You're being a bit selective in which parts you bold :)

 "it will wait up to" implies _it will wait_ - which it would not, at all. The 
reference to Postgres' behaviour also indicates it will actually wait that 
period (although with separate sibling requirements, and on a microsecond time 
horizon which is much more sensible). Further, our docs say "To avoid syncing 
after every write, Cassandra groups the mutations into batches and *syncs 
every* {{commitlog_batch_window_in_ms.}}" Not at least that often, but - 
implcitly - exactly that often, as we do now.

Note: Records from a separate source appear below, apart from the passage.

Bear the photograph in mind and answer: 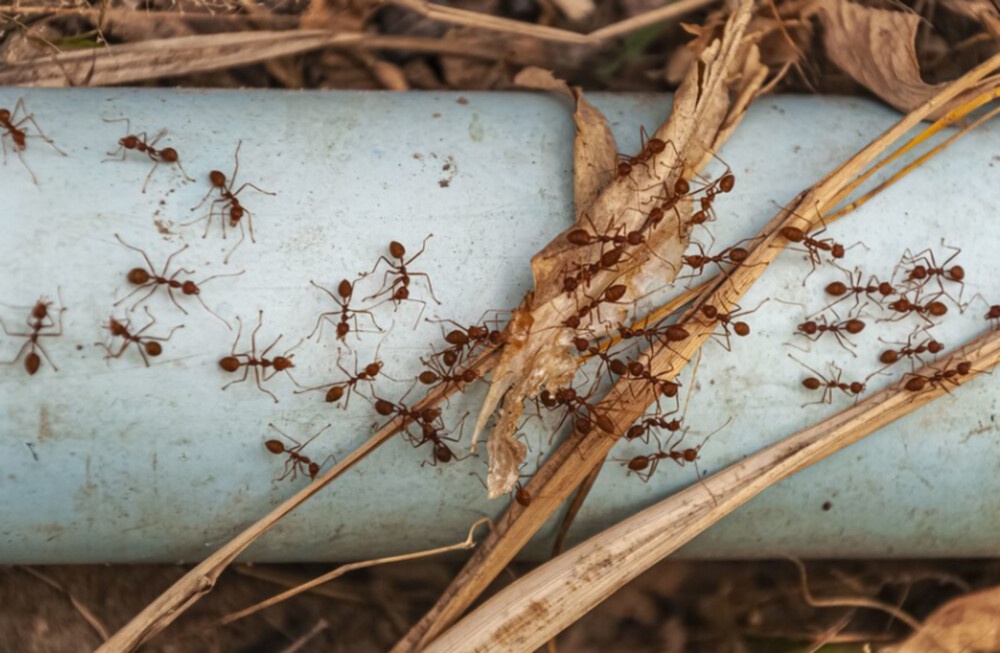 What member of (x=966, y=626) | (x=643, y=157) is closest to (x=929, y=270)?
(x=643, y=157)

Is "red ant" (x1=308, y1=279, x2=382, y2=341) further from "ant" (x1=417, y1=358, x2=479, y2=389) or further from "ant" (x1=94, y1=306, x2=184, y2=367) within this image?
"ant" (x1=94, y1=306, x2=184, y2=367)

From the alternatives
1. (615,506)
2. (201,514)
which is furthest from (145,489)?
(615,506)

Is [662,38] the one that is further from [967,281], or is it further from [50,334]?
[50,334]

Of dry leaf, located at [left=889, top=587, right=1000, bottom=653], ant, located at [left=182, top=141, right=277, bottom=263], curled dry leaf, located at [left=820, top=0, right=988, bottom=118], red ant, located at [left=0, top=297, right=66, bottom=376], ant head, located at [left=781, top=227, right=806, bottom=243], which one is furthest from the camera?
dry leaf, located at [left=889, top=587, right=1000, bottom=653]

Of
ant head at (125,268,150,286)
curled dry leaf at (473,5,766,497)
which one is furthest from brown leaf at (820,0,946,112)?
ant head at (125,268,150,286)

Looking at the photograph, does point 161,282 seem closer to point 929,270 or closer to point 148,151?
point 148,151

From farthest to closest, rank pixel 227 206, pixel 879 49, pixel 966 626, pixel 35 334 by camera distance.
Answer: pixel 966 626 → pixel 879 49 → pixel 227 206 → pixel 35 334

bq.  I thought we did it that way because we don't have a queue of operations 
to peek into anymore, so it's difficult to provide the old behavior of "stop 
sleeping when the queue is empty."

No, unfortunately the best I can find of the etymology of this change is some 
offline discussion between Brandon, Jeremiah and myself, which occurred 2-3 
months after commit:

{quote}
Benedict Elliott Smith   so, just figured out why that CL unit test @yukim 
found went from hero to zero in 2.1
Benedict Elliott Smith   SHANP on IRC has found the old Batch CL code doesn't 
behave in the same way
Benedict Elliott Smith   the window only serves as a maximum for buffering
Benedict Elliott Smith   so if you get one record arrive, it will immediately 
sync
Benedict Elliott Smith   in 2.1 this changed. i'm not sure if I got the wrong 
end of the stick (and it seems everyone else who's been discussing it since, 
maybe), or if this is a mistake that's been present all along
Benedict Elliott Smith   but we should probably decide which behaviour we want 
to go with in 2.1
dr driftx        I don't think it was a mistake, exactly, I've explained it 
lots of times in training that way (pre-2.1 behavior)
Benedict Elliott Smith   right
Benedict Elliott Smith   so question is: did I just misunderstand, or did 
somebody tell me to implement it this way? and ignoring the answer, do we want 
to restore the old behaviour?
Benedict Elliott Smith   "To avoid syncing after every write, Cassandra groups 
the mutations into batches and syncs every {{commitlog_batch_window_in_ms. }}"
Benedict Elliott Smith   anyway, i'm easy, and heading to bed. if nobody says 
anything i'll leave it how it is :-)
ZJeremiah D Jordan       As long as the window time is the max time between 
syncs and writes block until they sync. I think your code is fine. As that is 
how we have documented it working all along
Benedict Elliott Smith  @jd my version has it as the the exact time between 
syncs
{quote}

So it is not at all clear why it happened. My recollection was that we 
discussed it and decided to normalise on the doc behaviour, but I cannot find a 
reference to that, so it is possible I simply implemented it how the docs 
described it, and you reviewed it with the same lens. Either way, it was 
decided to let the change stand due to it matching the doc descriptions and the 
lack of further feedback.

We can certainly wait for the "queue" to empty, by issuing Barriers on the 
OpOrder; we already issue one and wait for any active at that moment to 
complete, which is probably good enough. If we want to wait until _none_ can be 
active, we can just (on completion of the barrier), check if there are any now 
running and issue another if there are.

> Make batch commitlog mode easier to tune
> ----------------------------------------
>
>                 Key: CASSANDRA-9533
>                 URL: https://issues.apache.org/jira/browse/CASSANDRA-9533
>             Project: Cassandra
>          Issue Type: Improvement
>            Reporter: Jonathan Ellis
>            Assignee: Benedict
>             Fix For: 3.x
>
>
> As discussed in CASSANDRA-9504, 2.1 changed commitlog_sync_batch_window_in_ms 
> from a maximum time to wait between fsync to the minimum time, so one must be 
> very careful to keep it small enough that most writers aren't kept waiting.